Wednesday, October 28, 2015

Oman Insights and Observations

This week marked two months since I’ve been in Muscat and I’ve experienced a lot in a short time.  I got a job, learned how to drive in this crazy city and how to find my way around (for the most part).  I’m learning the best neighborhoods to shop in for certain things and how to barter (pretty much the malls are the only stores where bartering doesn’t happen).  I’m learning about the many different cultures that reside here and how to show respect without compromising on the fact that I’m a Christian American.  The following is a little insight to some of the things I’ve discovered living in the city of Muscat.

As I sit here drinking it, I’ve grown quite fond of Indian tea.  The kind in the red box that’s full of loose tea leaves, rather than teabags.  A little cream and it’s not only a great energy booster but it tastes delightful.  Coffee is hard to come bye – the real stuff that is – and most people drink instant coffee.  It works, but I’m finding I prefer the real coffee beans or this Indian tea to instant coffee if I can.

I’ve also grown fond of carrying a sweatshirt with me to work every day.  Though this is the Middle East, there’s a significant climate change when you step inside a building.  That’s how people manage to wear pants and long sleeves when it’s 120 degrees (F) outside – when you step into the A/C it drops to 65. 

Doing a workout here is nothing like doing on in the grand ole USA.  You have to have a thick skin and solid self-confidence if you’re going to go to the gym.  99% of the crowd is male, and 80% of that 98% have no qualms about staring.  It’s not uncommon for me to be sprinting on the treadmill and in the mirror watch men trip over themselves as they stare while walking bye.  It’s also very common for me to go to an empty space of the gym and start a workout, and within five minutes I’m surrounded.  They work out – but they rest a lot and eyes are often fixated on one common object!  Back to my point – you have to have a thick skin and solid self-confidence to really not care about all of that and simply do your workout.  The alternative is to go to an all woman’s gym but, let’s face it, the free weights and machines are so much better where the guys are at!

On the topic of clothing: as a woman in Oman, I’m blessed in that I don’t have to wear the abaya or hijab like the Muslim women.  Oman is so tolerant of other religions it’s simply not a requirement or even a suggestion.  I can walk down the street in modest shorts and a tank top without anyone stopping me or giving me dirty looks.  I will, however, get all sorts of catcalls and honks from passing cars.  A happy compromise – I wear jeans and cover my shoulders if I go out or into a shop or restaurant.  I still get catcalls and honks and stares, but that’s the tradeoff for not having to wear the abaya or hijab.

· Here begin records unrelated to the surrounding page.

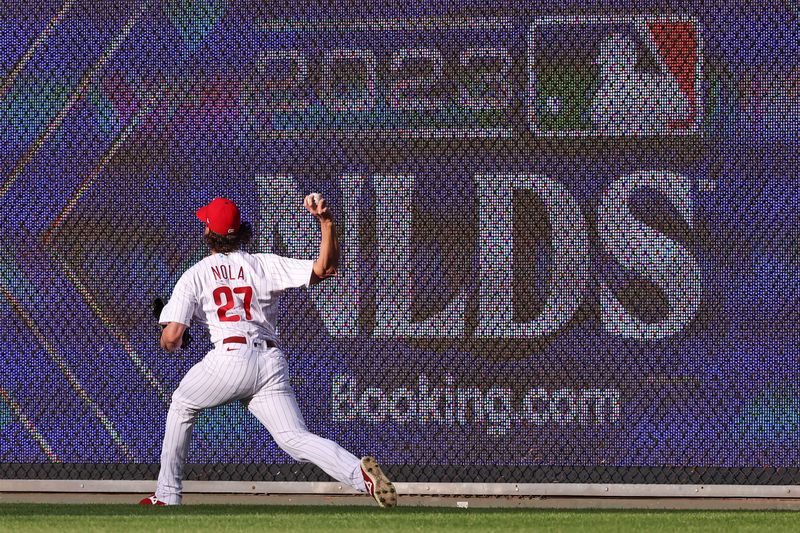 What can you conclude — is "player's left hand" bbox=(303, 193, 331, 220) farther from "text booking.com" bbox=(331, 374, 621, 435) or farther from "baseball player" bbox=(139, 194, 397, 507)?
"text booking.com" bbox=(331, 374, 621, 435)

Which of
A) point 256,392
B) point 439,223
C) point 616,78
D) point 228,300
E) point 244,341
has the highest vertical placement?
point 616,78

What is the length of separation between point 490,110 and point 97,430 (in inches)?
108

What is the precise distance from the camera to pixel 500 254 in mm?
6938

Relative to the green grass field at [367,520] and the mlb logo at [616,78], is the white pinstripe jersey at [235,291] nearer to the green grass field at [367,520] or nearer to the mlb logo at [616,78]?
the green grass field at [367,520]

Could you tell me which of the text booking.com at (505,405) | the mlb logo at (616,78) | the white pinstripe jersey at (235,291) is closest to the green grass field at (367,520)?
the text booking.com at (505,405)

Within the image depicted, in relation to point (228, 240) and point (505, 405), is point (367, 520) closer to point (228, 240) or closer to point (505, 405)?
point (228, 240)

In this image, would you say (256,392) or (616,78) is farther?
(616,78)

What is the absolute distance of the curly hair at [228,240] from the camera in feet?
19.6

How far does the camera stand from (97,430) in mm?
7188

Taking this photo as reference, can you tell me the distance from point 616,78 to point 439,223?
3.92ft

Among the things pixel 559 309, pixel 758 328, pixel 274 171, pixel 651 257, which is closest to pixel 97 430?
pixel 274 171

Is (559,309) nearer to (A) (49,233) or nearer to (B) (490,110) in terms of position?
(B) (490,110)

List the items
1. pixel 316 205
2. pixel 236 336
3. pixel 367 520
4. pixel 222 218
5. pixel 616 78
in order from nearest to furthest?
pixel 367 520 → pixel 316 205 → pixel 236 336 → pixel 222 218 → pixel 616 78

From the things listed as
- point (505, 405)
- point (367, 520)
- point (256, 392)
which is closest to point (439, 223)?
point (505, 405) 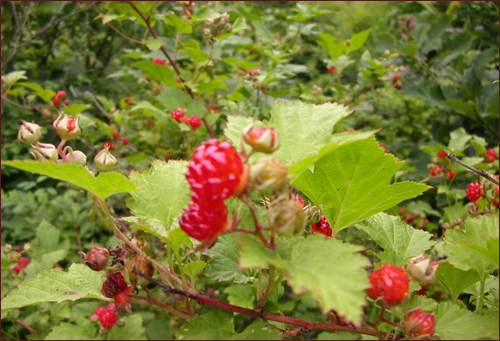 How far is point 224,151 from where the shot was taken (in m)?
0.47

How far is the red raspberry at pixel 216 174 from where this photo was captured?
458 mm

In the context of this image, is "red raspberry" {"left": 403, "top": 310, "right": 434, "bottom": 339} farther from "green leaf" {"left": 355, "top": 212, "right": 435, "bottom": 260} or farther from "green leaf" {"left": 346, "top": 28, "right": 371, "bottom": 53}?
"green leaf" {"left": 346, "top": 28, "right": 371, "bottom": 53}

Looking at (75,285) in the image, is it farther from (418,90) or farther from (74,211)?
(418,90)

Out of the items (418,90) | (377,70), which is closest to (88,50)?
(377,70)

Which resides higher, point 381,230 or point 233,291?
point 381,230

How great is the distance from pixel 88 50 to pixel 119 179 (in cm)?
351

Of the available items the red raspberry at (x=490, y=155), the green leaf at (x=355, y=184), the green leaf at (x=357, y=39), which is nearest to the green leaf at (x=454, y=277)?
the green leaf at (x=355, y=184)

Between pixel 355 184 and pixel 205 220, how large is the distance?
380mm

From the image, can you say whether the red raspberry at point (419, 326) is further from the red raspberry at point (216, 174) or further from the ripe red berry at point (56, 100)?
the ripe red berry at point (56, 100)

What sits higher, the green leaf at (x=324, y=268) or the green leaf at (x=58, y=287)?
the green leaf at (x=324, y=268)

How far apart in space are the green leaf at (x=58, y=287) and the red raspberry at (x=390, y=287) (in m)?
0.51

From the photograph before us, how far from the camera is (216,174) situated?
1.50 ft

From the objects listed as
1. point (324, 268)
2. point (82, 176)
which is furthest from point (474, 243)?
point (82, 176)

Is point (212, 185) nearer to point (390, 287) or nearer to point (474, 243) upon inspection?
point (390, 287) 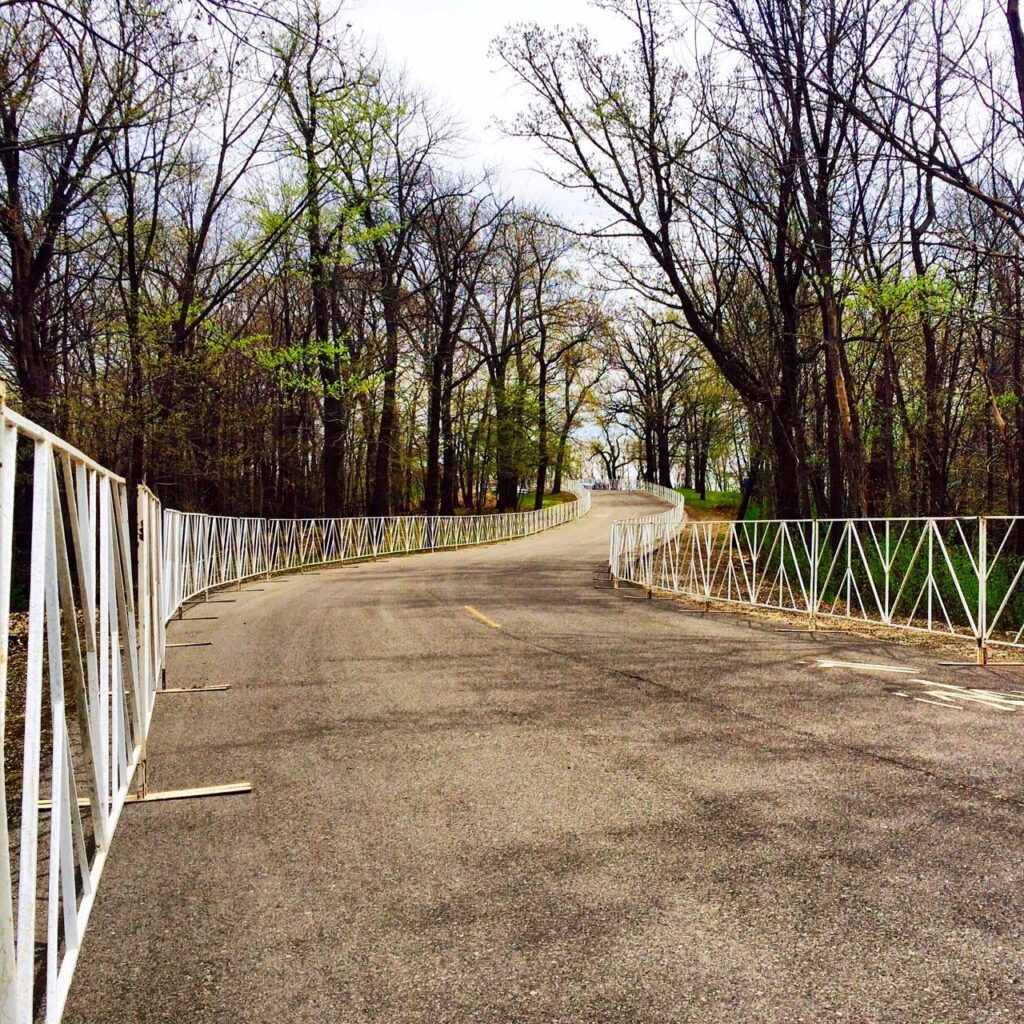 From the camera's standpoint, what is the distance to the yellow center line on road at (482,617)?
34.2 ft

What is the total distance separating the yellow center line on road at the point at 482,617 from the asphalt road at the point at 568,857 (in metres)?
3.32

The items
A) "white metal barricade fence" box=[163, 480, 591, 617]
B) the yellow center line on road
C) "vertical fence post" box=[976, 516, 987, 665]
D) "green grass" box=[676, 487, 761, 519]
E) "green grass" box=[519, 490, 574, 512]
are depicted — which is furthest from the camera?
"green grass" box=[519, 490, 574, 512]

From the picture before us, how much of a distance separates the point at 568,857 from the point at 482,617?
25.8 feet

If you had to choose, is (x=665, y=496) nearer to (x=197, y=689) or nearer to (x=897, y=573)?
(x=897, y=573)

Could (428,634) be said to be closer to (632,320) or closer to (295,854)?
(295,854)

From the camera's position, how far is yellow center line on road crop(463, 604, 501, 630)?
1043 cm

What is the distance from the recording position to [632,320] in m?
32.6

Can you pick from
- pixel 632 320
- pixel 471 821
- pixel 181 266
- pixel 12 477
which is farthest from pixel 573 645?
pixel 632 320

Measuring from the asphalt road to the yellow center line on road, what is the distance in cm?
332

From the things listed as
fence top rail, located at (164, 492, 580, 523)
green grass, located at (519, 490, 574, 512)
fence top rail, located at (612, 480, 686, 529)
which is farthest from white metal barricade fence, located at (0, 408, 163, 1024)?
green grass, located at (519, 490, 574, 512)

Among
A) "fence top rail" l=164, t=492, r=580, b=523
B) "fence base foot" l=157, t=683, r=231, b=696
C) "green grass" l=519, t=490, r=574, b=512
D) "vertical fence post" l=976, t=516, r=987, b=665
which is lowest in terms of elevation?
"fence base foot" l=157, t=683, r=231, b=696

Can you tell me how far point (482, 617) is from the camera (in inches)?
442

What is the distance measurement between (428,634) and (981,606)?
5933mm

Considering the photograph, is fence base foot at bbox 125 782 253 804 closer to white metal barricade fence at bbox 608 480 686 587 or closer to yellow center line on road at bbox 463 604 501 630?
yellow center line on road at bbox 463 604 501 630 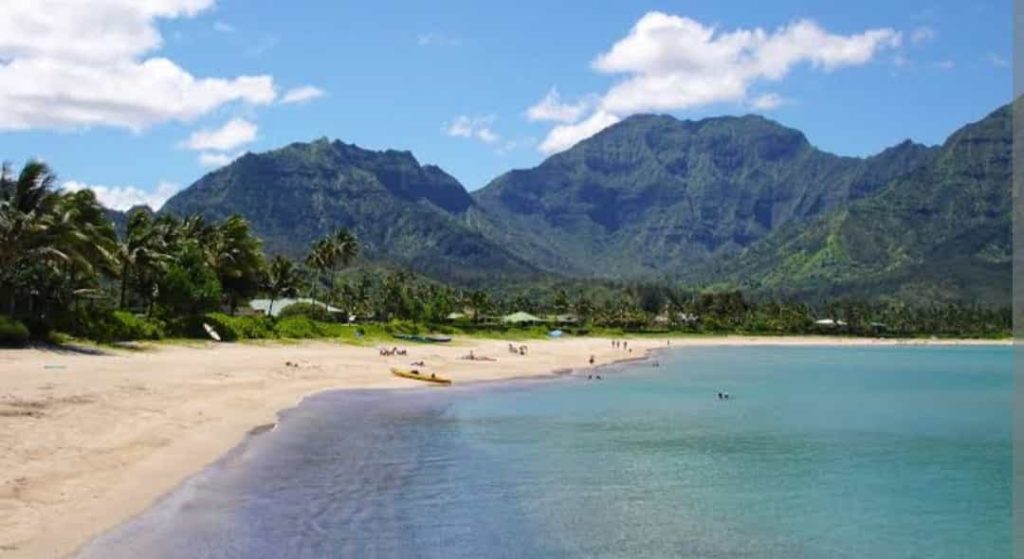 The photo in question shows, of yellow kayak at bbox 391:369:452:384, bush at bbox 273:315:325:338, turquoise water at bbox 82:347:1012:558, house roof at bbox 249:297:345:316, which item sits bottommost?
turquoise water at bbox 82:347:1012:558

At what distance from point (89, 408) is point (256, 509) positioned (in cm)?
1077

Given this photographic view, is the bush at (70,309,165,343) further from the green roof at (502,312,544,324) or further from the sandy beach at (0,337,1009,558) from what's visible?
the green roof at (502,312,544,324)

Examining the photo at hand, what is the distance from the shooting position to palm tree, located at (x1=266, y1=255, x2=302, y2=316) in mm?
110463

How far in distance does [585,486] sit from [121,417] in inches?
534

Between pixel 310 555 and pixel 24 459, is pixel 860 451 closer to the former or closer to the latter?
pixel 310 555

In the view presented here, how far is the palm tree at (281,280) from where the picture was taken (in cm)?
11046

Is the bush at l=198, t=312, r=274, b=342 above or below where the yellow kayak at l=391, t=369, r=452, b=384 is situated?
above

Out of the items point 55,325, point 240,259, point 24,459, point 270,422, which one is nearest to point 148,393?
point 270,422

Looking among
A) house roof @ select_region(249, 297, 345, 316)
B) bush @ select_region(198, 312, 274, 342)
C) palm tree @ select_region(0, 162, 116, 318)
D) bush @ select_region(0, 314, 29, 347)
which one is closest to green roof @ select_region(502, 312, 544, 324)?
house roof @ select_region(249, 297, 345, 316)

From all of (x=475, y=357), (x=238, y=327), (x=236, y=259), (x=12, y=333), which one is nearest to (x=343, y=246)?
(x=236, y=259)

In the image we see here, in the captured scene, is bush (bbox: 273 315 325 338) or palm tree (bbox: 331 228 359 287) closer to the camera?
bush (bbox: 273 315 325 338)

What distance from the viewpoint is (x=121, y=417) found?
2741cm

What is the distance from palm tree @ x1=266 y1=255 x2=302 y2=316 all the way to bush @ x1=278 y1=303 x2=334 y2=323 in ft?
10.6

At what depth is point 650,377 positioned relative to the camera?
7262 cm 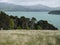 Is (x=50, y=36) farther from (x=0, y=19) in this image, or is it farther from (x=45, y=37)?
(x=0, y=19)

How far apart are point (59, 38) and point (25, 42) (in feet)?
4.95

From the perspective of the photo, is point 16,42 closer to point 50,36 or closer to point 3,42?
point 3,42

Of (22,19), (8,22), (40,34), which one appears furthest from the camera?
(22,19)

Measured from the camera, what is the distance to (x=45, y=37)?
35.4 feet

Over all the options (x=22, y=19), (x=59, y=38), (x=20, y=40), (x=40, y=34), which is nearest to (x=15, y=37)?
(x=20, y=40)

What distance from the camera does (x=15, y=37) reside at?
10820 mm

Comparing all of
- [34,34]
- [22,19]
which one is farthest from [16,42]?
[22,19]

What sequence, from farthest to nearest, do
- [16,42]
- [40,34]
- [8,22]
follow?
[8,22] < [40,34] < [16,42]

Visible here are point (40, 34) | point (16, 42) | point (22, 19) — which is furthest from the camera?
point (22, 19)

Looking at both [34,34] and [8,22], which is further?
[8,22]

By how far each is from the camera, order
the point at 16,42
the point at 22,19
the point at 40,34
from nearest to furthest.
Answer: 1. the point at 16,42
2. the point at 40,34
3. the point at 22,19

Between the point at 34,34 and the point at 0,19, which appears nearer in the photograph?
the point at 34,34

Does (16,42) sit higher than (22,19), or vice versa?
(16,42)

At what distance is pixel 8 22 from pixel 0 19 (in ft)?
A: 7.90
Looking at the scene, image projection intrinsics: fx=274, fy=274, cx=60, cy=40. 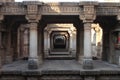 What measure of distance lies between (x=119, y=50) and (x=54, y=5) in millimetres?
4411

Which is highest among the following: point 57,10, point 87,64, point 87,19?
point 57,10

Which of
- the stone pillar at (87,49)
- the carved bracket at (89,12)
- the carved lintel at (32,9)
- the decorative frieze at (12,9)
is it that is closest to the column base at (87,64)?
the stone pillar at (87,49)

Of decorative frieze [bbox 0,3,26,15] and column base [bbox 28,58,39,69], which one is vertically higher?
decorative frieze [bbox 0,3,26,15]

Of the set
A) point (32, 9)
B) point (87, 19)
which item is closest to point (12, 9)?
point (32, 9)

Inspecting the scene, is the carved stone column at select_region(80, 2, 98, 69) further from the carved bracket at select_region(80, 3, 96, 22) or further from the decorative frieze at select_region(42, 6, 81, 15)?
the decorative frieze at select_region(42, 6, 81, 15)

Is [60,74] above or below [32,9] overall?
below

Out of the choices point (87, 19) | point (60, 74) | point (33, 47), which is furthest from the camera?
point (33, 47)

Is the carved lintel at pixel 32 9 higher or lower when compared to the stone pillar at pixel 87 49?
higher

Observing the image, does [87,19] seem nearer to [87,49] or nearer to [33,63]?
[87,49]

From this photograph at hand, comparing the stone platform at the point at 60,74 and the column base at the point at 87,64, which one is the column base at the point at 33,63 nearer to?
the stone platform at the point at 60,74

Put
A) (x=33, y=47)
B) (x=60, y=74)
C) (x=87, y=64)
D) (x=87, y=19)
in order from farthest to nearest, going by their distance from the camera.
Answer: (x=33, y=47)
(x=87, y=19)
(x=87, y=64)
(x=60, y=74)

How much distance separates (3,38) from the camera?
16.8m

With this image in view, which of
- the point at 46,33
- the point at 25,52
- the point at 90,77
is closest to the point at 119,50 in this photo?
the point at 90,77

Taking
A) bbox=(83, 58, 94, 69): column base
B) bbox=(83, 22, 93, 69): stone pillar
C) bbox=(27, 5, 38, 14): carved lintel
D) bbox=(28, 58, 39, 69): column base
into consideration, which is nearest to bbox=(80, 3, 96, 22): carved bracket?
bbox=(83, 22, 93, 69): stone pillar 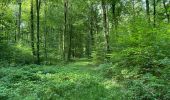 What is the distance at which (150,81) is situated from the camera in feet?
31.0

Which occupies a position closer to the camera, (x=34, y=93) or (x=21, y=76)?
(x=34, y=93)

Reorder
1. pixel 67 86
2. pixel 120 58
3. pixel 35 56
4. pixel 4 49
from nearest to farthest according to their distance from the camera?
1. pixel 67 86
2. pixel 120 58
3. pixel 4 49
4. pixel 35 56

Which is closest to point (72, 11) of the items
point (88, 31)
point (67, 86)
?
point (88, 31)

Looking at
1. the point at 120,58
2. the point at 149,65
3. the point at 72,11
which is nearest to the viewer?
the point at 149,65

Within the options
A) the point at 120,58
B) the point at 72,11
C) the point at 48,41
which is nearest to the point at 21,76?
the point at 120,58

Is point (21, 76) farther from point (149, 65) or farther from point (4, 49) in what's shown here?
point (4, 49)

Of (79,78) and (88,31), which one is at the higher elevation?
(88,31)

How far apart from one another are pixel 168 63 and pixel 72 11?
33.5 metres

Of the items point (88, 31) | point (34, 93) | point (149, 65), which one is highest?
point (88, 31)

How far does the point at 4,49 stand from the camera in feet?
72.2

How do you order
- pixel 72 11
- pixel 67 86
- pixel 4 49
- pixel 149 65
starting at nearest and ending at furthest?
1. pixel 67 86
2. pixel 149 65
3. pixel 4 49
4. pixel 72 11

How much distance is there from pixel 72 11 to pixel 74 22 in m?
1.84

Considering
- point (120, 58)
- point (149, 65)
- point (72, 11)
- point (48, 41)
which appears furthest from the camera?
point (48, 41)

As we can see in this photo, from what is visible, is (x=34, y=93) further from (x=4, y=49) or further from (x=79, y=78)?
(x=4, y=49) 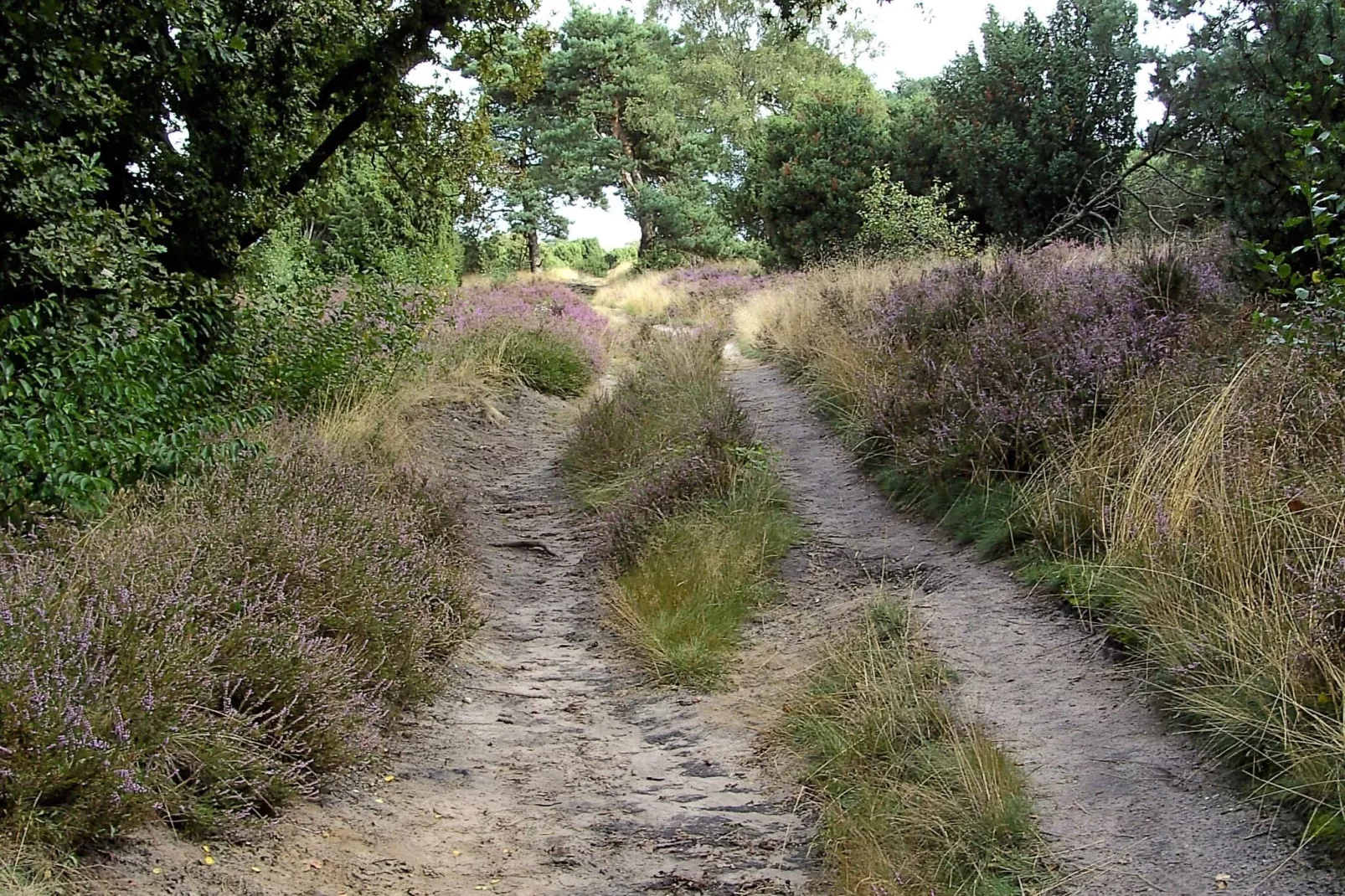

Driving is a whole other animal here.  Never get behind a taxi while driving on the highway – they’re liable to stop at any time and it’s your fault for being dumb enough to be behind them when that happens.  Also, the speed limit is merely a suggestion, and you have a solid 20 kilometers faster you can go before you get photographed by one of the speed checks that pop up every kilometer or so.  Of course, the biggest cause of accidents is due to speeding and I see one about every other day.

Unlike the States, Oman only has two phone carriers.  Every month you either have to add more money to your plan, or you have to put enough money on your phone so that you can simply renew your plan each month.  There’s also a specific code you have to insert when you do this that will channel your money either to Internet, calls or both.  I’m still getting the hang of this, and admit I have spent way more money than I should have because I forgot to enter a code and was charged per megabyte, rather than being charged a certain number of megabytes for the month.  I’m still figuring this whole part of everyday life out.

One of my all time favorite local meals is Lebanese and it’s called a shawarma.  Chicken, pickles, French fries and some delicious sauce all wrapped up in Arabic bread.  Some restaurants put lettuce and a few other things inside, but this is seriously one of the best things I’ve ever tasted.  If it weren’t so somewhat unhealthy I’d probably have one a day.  Instead I treat myself once every couple of weeks.  There’s a restaurant called Arax in Qurum near the Intercontinental hotel that has the BEST shawarmas.  Second best are at Al Jood’s Restaurant in Azaiba.  My fallback meal when I’m pressed for time or just want something healthy: Fattoush.  It’s a salad made up of tomatoes, cucumbers, mint, parsley, lemon juice, sumac, garlic, and a shallot.  It’s healthy and very refreshing.  Honestly between lemon juice and olive oil I no longer even consider buying salad dressing.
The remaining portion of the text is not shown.